Si es para probar componentes conocidos el MUltisim en temas analógicos, para mi es lo máximo.
Ahora el proteus, no es tan bueno, a mi parecer, no me gusta para temas analógicos, pero si tienen algunas librerias mas con otros componentes a diferencia del multisim . 

Saludos.
Cerebro


----------



## jaimepsantos (Nov 10, 2009)

El orcad es es mucho mejor que el multisim con este puedes hacer analis tipo osciloscopio( time domain ) analisis de espectro ( AC noise), etc.
Es un programa muy complero y mucho mas preciso que el multisim solo tiene una dificultad su uso no es tan sencillo como el de multisim pero ya que le hayas no lo cambias.


----------



## ElTallercito (Nov 19, 2009)

En mi caso me gusta el multisim porque me parece facil de usar, el proteus lo utilice en la escuela y me parecio complicado y poco intuitivo. 
Pero sin embargo el multisim me a tirado un par de errores al simular algunos circuitos pero ya le voy encontrando la mano.

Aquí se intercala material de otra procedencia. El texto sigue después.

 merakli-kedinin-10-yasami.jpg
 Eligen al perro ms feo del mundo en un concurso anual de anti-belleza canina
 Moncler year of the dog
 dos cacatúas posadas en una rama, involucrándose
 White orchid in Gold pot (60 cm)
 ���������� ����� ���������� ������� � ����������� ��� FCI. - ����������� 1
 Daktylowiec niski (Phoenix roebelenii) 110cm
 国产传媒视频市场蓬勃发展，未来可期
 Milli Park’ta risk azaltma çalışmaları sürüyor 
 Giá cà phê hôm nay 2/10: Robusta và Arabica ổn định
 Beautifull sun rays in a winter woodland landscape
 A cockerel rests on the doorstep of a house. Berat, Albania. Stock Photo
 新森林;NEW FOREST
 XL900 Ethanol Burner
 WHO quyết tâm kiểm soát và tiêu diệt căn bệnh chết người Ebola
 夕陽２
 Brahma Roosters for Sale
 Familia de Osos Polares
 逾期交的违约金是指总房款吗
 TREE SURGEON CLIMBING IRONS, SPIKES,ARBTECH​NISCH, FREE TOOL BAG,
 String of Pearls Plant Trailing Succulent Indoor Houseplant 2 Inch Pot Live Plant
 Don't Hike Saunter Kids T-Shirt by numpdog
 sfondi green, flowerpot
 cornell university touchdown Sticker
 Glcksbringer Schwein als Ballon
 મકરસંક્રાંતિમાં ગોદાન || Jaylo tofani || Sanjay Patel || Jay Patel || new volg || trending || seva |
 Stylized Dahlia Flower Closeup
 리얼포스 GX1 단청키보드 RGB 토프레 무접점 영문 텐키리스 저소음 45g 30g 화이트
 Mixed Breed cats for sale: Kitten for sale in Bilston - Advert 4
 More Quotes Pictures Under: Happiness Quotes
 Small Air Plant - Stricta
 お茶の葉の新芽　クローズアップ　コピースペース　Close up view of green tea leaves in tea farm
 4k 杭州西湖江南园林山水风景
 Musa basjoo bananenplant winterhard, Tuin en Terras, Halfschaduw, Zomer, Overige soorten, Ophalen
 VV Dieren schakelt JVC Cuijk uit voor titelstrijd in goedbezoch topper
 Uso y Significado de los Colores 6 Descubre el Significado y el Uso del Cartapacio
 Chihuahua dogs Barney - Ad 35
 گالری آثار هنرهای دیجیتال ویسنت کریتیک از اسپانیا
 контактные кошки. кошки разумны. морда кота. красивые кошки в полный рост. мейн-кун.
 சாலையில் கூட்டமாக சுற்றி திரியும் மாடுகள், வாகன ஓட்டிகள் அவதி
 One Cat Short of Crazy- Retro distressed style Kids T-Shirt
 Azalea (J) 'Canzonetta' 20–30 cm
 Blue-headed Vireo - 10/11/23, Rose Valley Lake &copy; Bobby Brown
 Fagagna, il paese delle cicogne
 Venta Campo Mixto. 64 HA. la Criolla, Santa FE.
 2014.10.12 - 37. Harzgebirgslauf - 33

Si entran a la pagina de multisim hay unos consejos y tips que pueden ser de utilidad, pero estan en ingles.


----------



## Silvio Lafon (Dic 27, 2009)

Me parece que el Proteus para simulación de Microcontroladores es el mejor.Slds.


----------



## frankKM (Dic 31, 2009)

alguna vez os habeis fijado en los precios de los programas?
NI MS10 2500 $
Proteus platinum 4500 $
son brutales a veces por lo complicados que son para emular una simple chorrada


----------



## KarlosDC23 (Ene 1, 2010)

frankKM dijo:


> alguna vez os habeis fijado en los precios de los programas?
> NI MS10 2500 $
> Proteus platinum 4500 $
> son brutales a veces por lo complicados que son para emular una simple chorrada


 

Amigo, con la tecnologia moderna y el milagro de la internet, se logra bajar programas con un valor de 0 $         VIVA LA INTERNET.............


----------



## kal00 (Ene 4, 2010)

Ando probando el OrCAD y por lo visto no simula circuitos como lo hacen Proteus o MultiSim, es decir, no los "anima", no hace la simulacion "real" digamoslo asi. Cuando le pongo el boton de play para simular, me muestra el resultado de la simulacion pero como si fuera todo analitico (texto, diagramas, advertencias, etc). Si alguien pudiera corroborar esto o explicarme como simular circuitos animados como en los demas programas, se lo agradeceria mucho.


----------



## cosmefulanito04 (Ene 4, 2010)

Efectivamente, el orcad no simula en "tiempo real", sino que te tira el resultado en el intervalo de tiempo que definiste.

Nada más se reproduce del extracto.